Over the summer, professor Keith Vander Linden and Roy Adams from the Computer Science Department conducted a research on the Social License to Operate(SLO). The Social License to Operate (SLO) refers to a community’s level of approval towards a company’s operations. This community could contain stakeholders in the company, a geographic region within which a company operates, etc. A company needs permission from the government to operate, but they also need “social permission” to operate from the community. In Professor Vander Linden and Roy Adams analyzed data from the social media platform, Twitter in order to determine the SLO for different mining companies in Australia. They used a machine learning model to predict whether a particular tweet was in favor, in opposition or neutral to a given mining company.

Most of the work involved managing datasets. In machine learning, two unique datasets are required: one for training a model to classify tweets (a training set) and another for testing how that model is doing (a testing set). The team’s main job was to compile these two datasets.

When Twitter gives a tweet, the tweet is not labeled as for or against or neutral. The team’s training set required the tweet to be pre-labeled when they feed it into a model so that the model could learn how to classify new tweets.

According to the team, it was difficult to do that because training a computer to label tweets was the whole point of the project. The team could hand-label tweets, but that would have been expensive and time-consuming. Instead, Vander Linden and Adams tried to find tweets that they could automatically label as for or against a company. This process is called auto-coding. They devised a set of rules that they thought would return an accurate label, and then they applied those rules to their dataset to build the training set. An assumption they made was that even if they inaccurately labeled a tweet, the number of correctly labeled tweets would outweigh the number of incorrectly labeled tweets.

Because they treated the testing set as a “gold standard” to measure their model’s success, the testing set responded more strongly to errors in the labeling. Instead of using auto-coding to build the test set, they used hand-labeled tweets. They measured the accuracy of their predictions and how unified different coders were in their labeling. To further improve the accuracy of their test set, they removed all tweet instances where there was an inter-coder agreement of zero (in other words, there was no overlap).
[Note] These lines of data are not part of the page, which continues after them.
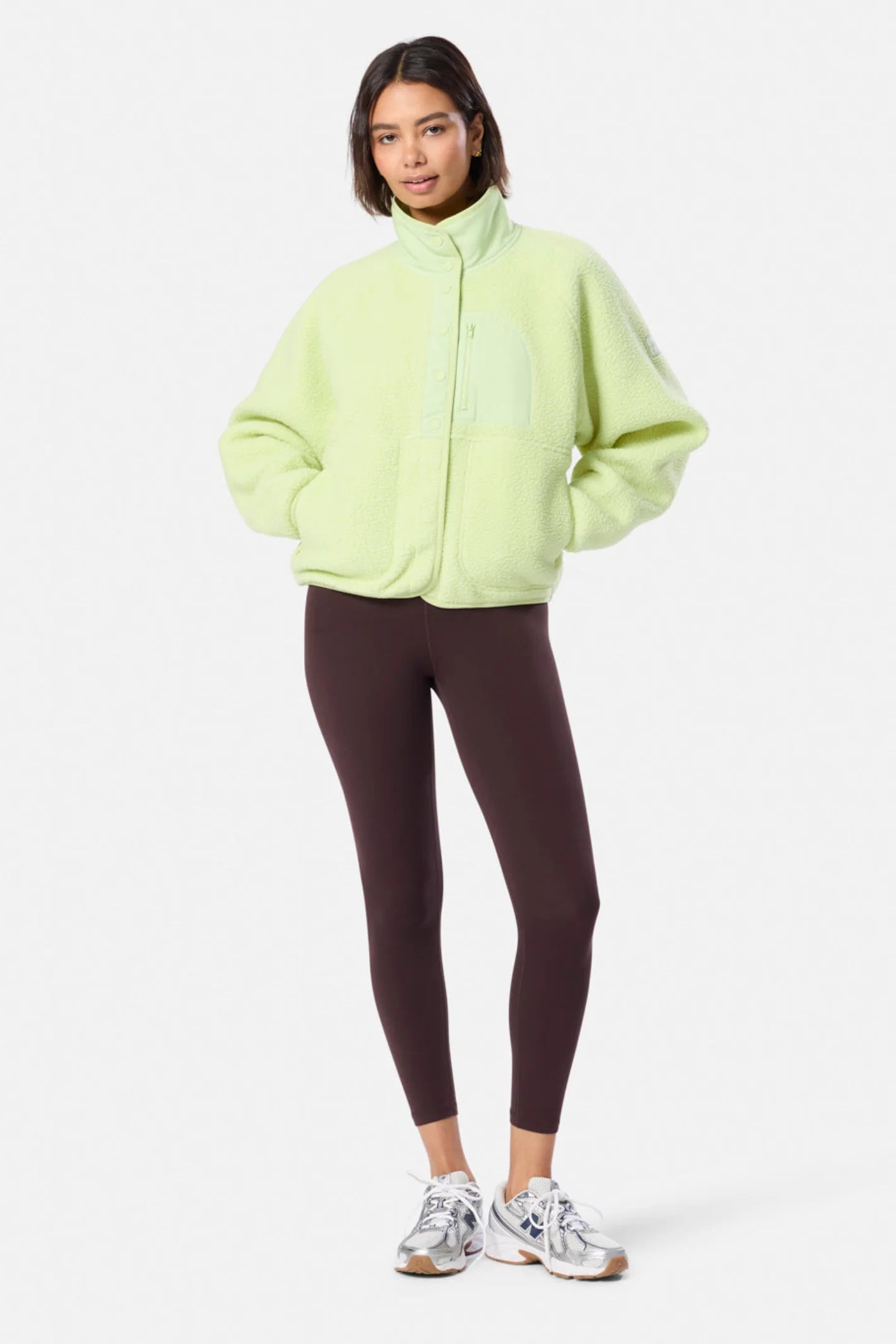 Gym Plus Coffee Horizon Jacket In Lime Sorbet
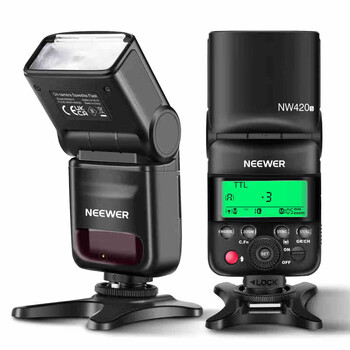 Neewer nw420 hot shoe camera top flash suitable for sony cameras slr mirrorless ttl front and rear curtain synchronization external external flash photography portrait photo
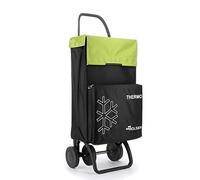 Rolser Chariot de course Termo Fresh MF – 4 roues – Noir et Lima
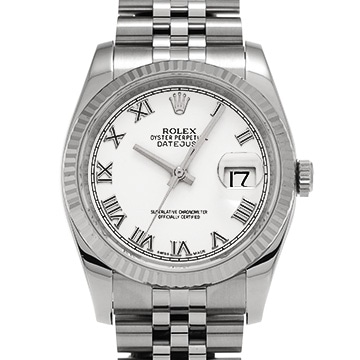 ロレックス デイトジャスト 116234 ホワイト メンズ 時計 【中古】【wristwatch】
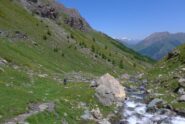 Costeggiando l'impetuoso torrente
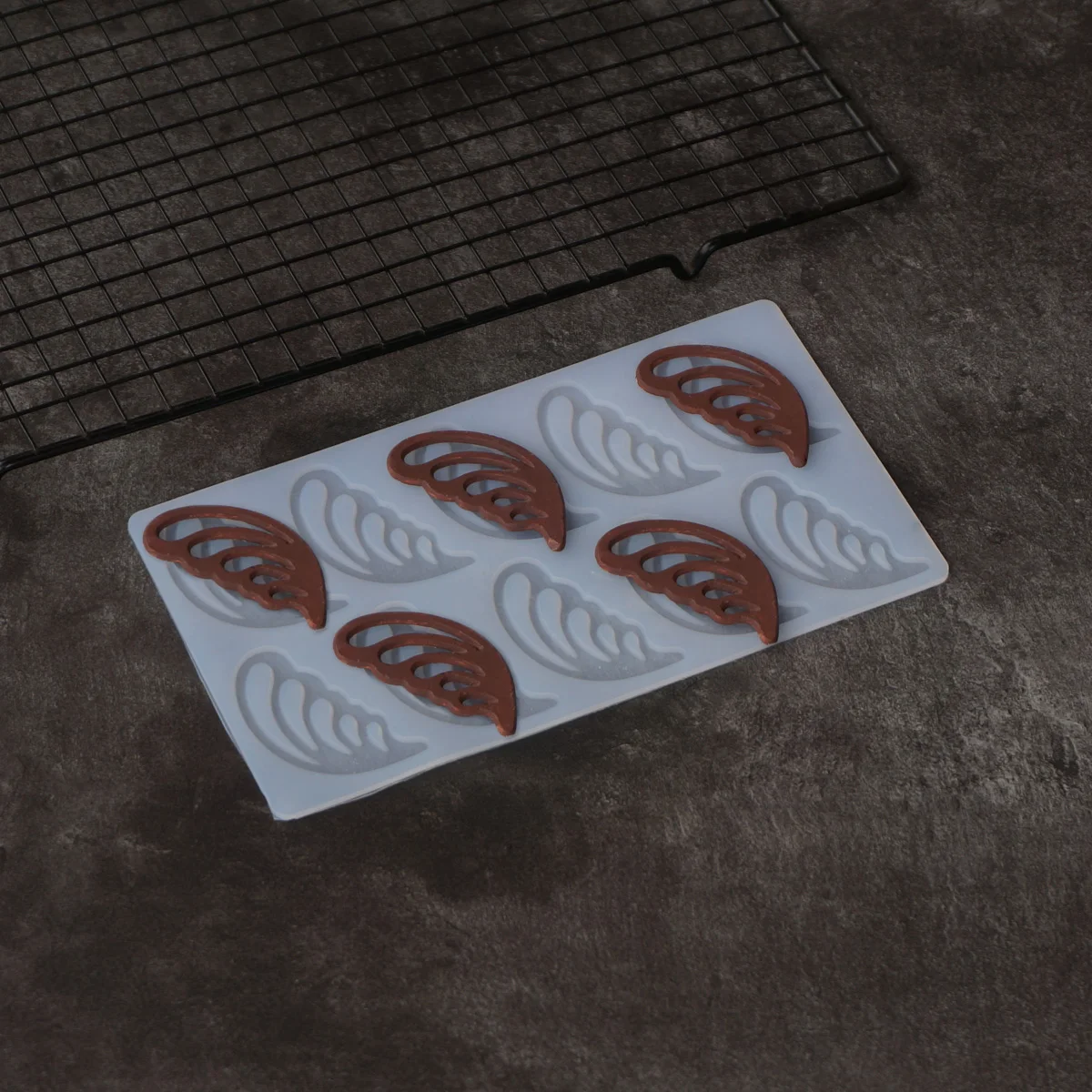 Wings Shape Silicone Mold Cake Decorating Lovely Hollow Out Wing Chocolate Transfer Sheet Mould Baking Stencil Chablon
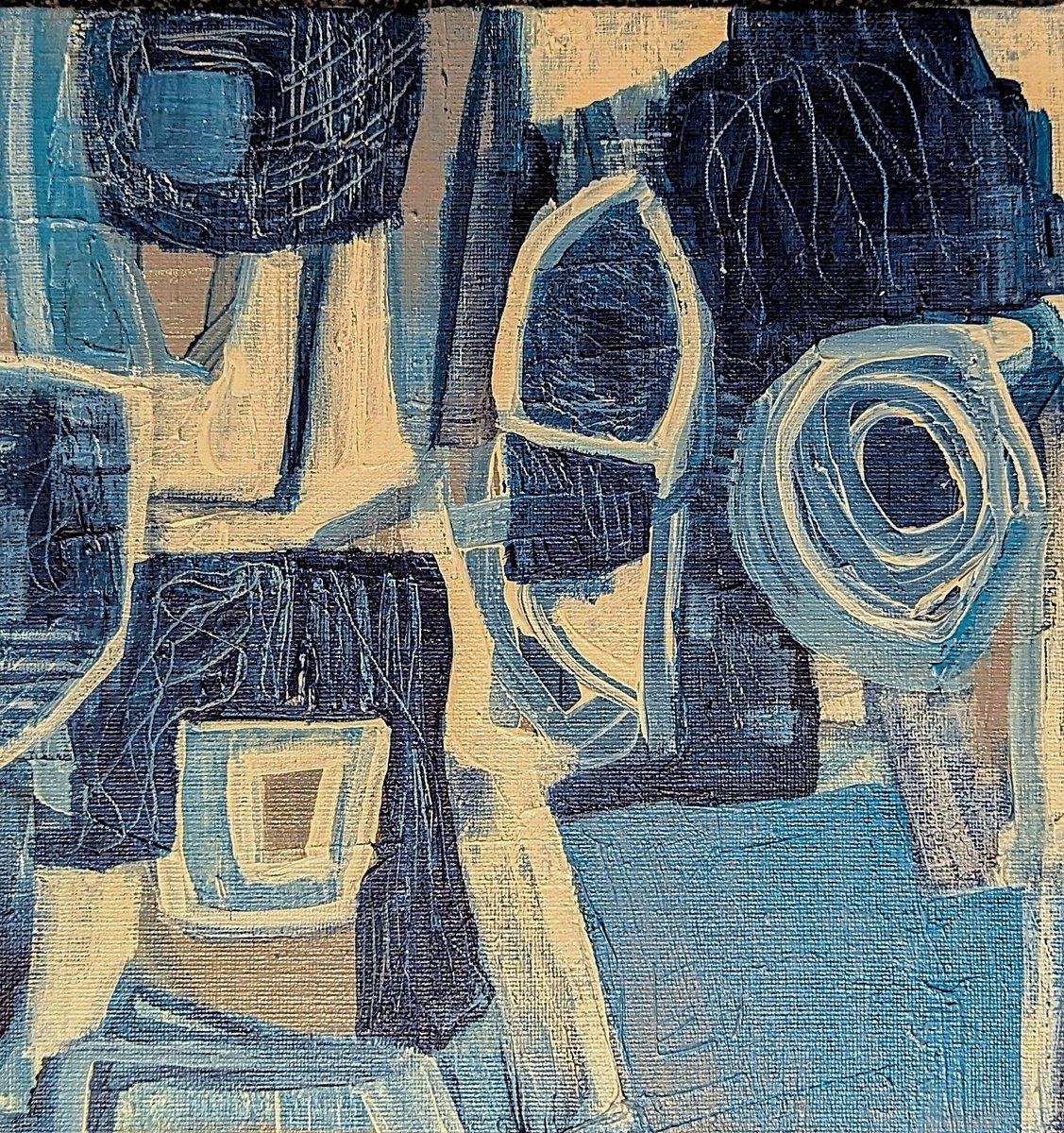 Too Blue By Lisa Price, 12 X 12, Artwork For Sale On Artfinder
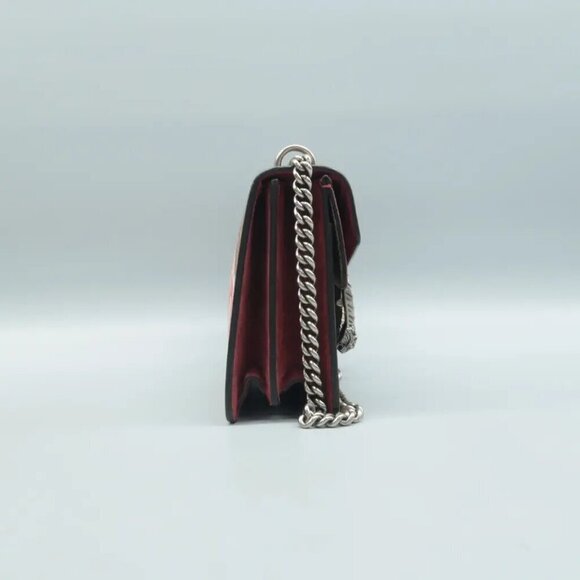 100% Authentic GUCCI Dionysus Brown Canvas Shoulder Bag 750-080824 - Picture 3 of 12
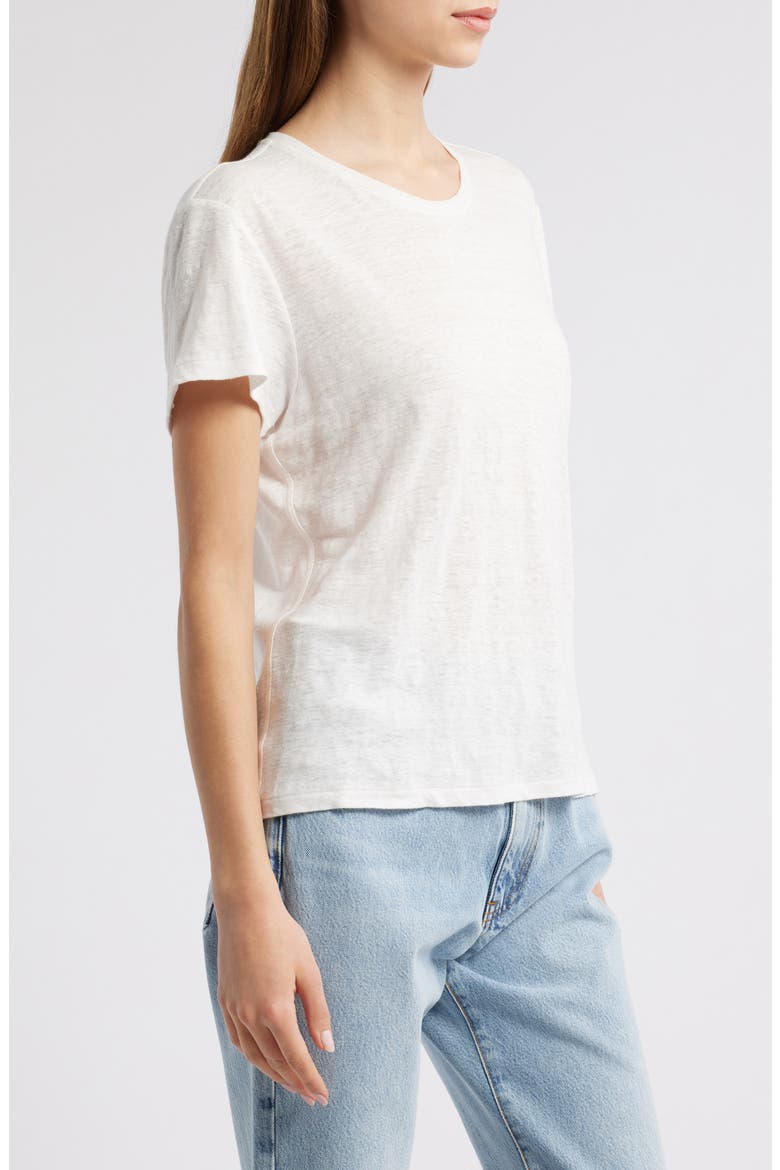 Organic Linen Baby Tee, Alternate, color, WHITE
The scoring metric that they used on their models is called an F-score. A score between 0 and 1 is calculated, and better results land closer to 1.

“Currently, we are hovering around the 0.6 mark, which we would like to get closer to 0.7. We have discovered that the text a user uses to describe him or herself can be beneficial to determine the stance of a user towards a target, making a difference of 0.1-0.3 in score,”  said Adams. “For example, one tweet in our data set responds to another tweet by energy giant Santos but does not reference the company’s policies. It is difficult to tell what this person thinks about the company from the text alone. However, this user’s profile has ‘Can’t eat coal or drink gas. Water is life!’ in it. This text reveals that this person is likely against coal and gas production, suggesting this tweet is against Santos.”